I think I mentioned earlier that I started a spreadsheet of my candle expenditures vs. my candle income. Before the order I placed today (OMG need more gingerbread!), my tally stood at $31 received and $117 spent. Which, if this were a business instead of a hobby, would be grounds to give it up and take up something a little more lucrative, like… well, I don’t know. Being a narcotics distributor or something.
At any rate, my self-proclaimed marketing manager, James, suggested that I crunch some numbers and figure out a.) how much time and materials goes into each candle, and b.) how much product I could make with the supply I currently have on hand. So, I pulled out my candle supply invoices and my Windows calculator and went to work.
Those hexagonal votives pictured above? They each cost about $1.65 in materials: container, wax, fragrance oil, dye, and wick. However, it takes me 50 minutes to one hour of work — actual work, not including melting time and cool-down time — to make one batch of candles, and my max capacity is currently about 16oz of candley goodness per batch. Assuming I make a full batch of four votives, and declare myself as making $10 an hour (a similar paltry sum as I make at my day job), the labor cost for each candle would be $2.50. That means that if I charge the $4 I’ve been charging for these, I’m just breaking even. Kind of. Which, really, is all I want. If my candle hobby can fund my candle hobby, then I’m golden. It’s kind of like keeping the money you made from selling stuff on eBay in your PayPal account, then buying stuff on eBay with the money sitting in your PayPal account. Come on, you know you’ve done that, too…
I’m thinking about buying some larger hexagonal jars, just because they’re kinda cool, and it’s nice to have a standard container rather than always using thrift store finds. (Not that I’ll stop buying cool containers at Goodwill, mind you.) I just have small hex votives jars and large mason jars, and now I need medium jars.
Anyway, on to the calculations of how much I could make from what I’ve got. I’ve burned through (ha ha, very punny) almost half of a ten-pound bag of wax in the last two months. That leaves me with about five and a half pounds of wax. That would make probably six one-pint mason jar candles (weight measure and fluid measure are a little different, remember), or 25 hex votive jars. However, I only have nine hex votive jars left. So, figure nine hex votives and four mason jar candles. I’m positive I have enough fragrance oil to make that many candles, although I’ll probably have to replenish some of the more popular scents. Anyway, nine hex votives and four mason jar candles will make me, at my current prices, $84. That’s assuming I don’t make any to burn for myself, or to test-burn, and that’s not including my existing cute little inventory of small candles and tealights.

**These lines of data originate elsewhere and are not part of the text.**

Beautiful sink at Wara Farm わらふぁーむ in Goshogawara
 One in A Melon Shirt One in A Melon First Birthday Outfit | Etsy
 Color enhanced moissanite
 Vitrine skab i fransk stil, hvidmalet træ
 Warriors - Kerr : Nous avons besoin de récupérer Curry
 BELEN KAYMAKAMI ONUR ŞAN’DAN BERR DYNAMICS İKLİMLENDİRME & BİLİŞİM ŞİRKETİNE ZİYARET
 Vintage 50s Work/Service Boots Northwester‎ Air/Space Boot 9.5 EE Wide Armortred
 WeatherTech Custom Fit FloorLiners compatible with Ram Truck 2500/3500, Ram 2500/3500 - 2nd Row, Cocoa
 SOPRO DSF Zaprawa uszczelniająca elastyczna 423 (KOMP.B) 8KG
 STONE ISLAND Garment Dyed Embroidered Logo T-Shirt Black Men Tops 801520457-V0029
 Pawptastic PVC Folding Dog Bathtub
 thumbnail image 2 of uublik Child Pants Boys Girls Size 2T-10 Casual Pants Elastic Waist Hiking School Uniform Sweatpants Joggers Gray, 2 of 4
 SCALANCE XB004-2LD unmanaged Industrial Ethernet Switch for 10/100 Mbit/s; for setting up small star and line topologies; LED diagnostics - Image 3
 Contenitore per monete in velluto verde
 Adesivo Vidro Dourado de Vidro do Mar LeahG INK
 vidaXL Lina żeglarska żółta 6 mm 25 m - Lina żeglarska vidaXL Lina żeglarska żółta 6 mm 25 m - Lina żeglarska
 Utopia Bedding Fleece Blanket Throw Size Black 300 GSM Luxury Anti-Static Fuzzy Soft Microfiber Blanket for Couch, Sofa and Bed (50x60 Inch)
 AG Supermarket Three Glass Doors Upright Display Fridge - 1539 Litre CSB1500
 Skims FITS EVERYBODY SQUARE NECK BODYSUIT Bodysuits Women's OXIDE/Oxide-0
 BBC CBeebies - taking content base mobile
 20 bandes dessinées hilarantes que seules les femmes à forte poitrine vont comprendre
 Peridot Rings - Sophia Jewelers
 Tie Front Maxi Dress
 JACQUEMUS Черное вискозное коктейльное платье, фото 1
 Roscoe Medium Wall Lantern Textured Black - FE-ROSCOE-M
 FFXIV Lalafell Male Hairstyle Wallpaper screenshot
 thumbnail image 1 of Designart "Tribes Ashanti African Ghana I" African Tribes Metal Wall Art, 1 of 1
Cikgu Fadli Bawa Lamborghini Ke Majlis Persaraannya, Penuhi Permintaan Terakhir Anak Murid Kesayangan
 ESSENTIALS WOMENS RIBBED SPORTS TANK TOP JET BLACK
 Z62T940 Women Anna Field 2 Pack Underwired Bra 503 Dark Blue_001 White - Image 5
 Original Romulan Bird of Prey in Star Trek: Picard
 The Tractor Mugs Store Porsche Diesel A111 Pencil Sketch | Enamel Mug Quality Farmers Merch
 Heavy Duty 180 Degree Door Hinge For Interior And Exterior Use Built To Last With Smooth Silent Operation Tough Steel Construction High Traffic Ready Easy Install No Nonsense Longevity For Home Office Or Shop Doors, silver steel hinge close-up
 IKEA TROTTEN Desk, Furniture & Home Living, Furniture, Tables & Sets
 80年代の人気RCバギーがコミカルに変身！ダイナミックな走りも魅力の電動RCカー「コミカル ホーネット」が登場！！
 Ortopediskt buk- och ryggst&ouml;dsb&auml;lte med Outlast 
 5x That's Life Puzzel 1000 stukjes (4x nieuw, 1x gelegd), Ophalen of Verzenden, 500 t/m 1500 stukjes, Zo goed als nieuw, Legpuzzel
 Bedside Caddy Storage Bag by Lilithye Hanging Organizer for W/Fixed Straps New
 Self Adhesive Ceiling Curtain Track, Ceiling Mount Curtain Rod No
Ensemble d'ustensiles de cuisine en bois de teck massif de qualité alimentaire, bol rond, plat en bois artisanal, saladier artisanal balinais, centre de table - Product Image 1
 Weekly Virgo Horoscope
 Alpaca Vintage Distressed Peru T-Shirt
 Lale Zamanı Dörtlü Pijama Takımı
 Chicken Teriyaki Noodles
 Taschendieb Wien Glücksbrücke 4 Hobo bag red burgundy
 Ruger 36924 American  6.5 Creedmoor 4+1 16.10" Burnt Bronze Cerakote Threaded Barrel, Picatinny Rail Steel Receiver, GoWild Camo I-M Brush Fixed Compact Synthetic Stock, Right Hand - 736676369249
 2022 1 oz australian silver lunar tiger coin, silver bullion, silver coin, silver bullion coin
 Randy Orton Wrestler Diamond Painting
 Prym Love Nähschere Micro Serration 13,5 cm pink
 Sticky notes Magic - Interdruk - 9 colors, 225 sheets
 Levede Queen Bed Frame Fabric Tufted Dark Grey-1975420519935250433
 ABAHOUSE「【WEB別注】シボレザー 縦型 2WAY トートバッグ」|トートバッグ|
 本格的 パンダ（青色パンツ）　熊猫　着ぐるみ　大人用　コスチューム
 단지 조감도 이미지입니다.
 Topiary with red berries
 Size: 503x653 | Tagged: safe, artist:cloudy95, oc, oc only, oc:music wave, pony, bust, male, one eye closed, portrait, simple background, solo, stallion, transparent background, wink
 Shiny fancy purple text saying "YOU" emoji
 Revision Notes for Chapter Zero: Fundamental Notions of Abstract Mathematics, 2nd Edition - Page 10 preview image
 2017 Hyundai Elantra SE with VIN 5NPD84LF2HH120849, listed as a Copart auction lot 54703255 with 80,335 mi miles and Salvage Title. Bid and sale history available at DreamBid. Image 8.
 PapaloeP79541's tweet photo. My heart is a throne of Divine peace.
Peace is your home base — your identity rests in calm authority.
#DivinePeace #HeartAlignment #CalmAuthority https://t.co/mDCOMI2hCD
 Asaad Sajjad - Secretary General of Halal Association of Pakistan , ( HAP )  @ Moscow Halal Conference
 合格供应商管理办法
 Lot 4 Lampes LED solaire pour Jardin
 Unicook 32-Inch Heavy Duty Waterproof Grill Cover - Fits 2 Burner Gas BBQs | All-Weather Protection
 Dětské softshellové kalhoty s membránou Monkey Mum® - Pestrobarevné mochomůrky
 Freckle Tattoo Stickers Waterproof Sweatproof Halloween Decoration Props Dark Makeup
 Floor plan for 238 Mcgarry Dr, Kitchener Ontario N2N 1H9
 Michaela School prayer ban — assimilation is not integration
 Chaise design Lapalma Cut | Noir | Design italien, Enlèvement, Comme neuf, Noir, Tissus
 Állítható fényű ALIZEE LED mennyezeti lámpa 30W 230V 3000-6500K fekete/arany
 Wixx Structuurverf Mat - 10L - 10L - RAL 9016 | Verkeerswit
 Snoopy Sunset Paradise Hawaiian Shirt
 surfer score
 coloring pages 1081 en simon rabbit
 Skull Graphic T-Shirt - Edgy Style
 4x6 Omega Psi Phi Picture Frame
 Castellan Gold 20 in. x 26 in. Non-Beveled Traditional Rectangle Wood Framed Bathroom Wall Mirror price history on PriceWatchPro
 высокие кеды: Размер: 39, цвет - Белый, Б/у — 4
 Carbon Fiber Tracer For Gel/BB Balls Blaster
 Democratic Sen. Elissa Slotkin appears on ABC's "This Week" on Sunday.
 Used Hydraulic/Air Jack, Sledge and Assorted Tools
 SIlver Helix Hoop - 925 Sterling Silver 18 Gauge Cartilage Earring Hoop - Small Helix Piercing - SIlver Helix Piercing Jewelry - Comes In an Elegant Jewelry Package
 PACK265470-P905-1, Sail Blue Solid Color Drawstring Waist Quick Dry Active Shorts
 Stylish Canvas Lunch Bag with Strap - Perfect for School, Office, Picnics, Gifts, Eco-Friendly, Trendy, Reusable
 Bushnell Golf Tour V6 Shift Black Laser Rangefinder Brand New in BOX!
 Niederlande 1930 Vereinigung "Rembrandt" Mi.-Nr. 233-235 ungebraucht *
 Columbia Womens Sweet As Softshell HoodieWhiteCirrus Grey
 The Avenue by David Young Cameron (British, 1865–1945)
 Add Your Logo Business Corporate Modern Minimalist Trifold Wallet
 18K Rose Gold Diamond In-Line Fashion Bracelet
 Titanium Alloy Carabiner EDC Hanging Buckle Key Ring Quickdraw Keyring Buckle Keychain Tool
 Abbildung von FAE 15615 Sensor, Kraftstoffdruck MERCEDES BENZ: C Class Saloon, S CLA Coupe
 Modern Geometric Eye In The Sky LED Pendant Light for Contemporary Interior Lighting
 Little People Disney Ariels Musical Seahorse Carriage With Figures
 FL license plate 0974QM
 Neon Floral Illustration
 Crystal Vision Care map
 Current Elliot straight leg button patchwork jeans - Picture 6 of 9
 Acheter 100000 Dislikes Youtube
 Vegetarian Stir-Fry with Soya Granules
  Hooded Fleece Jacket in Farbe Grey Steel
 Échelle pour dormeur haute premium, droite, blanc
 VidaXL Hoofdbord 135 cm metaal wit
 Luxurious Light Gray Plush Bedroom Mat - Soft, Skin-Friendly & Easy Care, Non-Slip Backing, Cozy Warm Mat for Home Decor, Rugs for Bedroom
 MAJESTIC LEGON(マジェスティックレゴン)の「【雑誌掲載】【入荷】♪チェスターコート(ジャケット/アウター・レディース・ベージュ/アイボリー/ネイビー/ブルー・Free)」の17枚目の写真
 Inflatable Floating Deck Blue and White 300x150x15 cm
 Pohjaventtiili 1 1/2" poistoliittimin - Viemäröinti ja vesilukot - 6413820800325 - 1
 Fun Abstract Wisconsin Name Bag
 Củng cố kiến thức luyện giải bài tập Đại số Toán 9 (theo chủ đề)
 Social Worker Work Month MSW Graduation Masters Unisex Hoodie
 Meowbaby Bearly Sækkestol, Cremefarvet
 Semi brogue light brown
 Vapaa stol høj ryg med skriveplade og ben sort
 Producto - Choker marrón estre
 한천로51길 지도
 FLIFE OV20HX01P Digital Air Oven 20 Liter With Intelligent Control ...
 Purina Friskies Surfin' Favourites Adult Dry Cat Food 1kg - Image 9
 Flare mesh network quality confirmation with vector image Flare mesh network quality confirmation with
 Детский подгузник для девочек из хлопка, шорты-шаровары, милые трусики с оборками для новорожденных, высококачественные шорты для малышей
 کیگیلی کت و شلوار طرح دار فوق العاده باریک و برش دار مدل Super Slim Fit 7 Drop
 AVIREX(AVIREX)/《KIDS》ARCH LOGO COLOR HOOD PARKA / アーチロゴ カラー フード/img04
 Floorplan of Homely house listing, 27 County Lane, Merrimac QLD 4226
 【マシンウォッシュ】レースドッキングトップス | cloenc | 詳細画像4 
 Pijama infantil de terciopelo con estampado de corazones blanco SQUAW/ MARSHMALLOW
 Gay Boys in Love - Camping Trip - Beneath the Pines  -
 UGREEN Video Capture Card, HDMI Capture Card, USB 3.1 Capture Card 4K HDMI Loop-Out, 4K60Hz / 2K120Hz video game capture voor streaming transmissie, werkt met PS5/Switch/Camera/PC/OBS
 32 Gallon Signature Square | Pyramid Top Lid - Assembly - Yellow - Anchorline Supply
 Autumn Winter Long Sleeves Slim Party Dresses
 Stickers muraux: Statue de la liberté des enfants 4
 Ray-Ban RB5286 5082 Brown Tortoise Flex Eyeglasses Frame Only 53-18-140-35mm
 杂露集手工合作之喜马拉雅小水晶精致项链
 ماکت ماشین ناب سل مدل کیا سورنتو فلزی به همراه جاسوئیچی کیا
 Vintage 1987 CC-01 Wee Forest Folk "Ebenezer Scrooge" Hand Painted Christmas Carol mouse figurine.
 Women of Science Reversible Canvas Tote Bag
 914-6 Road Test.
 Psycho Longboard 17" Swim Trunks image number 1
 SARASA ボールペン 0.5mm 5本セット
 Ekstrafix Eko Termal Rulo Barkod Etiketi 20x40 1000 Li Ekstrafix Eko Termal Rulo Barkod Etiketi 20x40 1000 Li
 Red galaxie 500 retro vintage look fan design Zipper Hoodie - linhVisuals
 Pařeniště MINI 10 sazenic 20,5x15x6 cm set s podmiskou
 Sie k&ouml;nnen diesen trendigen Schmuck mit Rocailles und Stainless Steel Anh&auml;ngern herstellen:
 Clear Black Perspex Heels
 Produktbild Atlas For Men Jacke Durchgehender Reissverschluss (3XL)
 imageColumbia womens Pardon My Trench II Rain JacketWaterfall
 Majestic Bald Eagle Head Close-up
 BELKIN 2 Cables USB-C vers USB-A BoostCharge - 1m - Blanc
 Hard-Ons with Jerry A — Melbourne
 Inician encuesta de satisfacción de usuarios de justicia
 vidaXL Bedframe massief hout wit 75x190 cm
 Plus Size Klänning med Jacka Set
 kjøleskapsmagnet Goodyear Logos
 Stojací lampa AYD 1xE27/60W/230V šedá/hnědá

So, what did that tell me? Absolutely nothing. Except that Christmastime might actually bring me some offset revenue for my addictive hobby, so I might actually break even. And that I might have to perfect the art of microwaving soy wax for summertime candlemaking, as the oven makes the house mighty hot in the summer.
In other news? The person who just bought a large cranberry votive from me asked me today if I make “big” candles. Like, three-wick candles. I told her, “not yet.” This is kind of like my impetus for learning to code; give me a task, set me a challenge, and I’ll go figure it out. Absent a goal, I won’t have any reason to go figure shit out.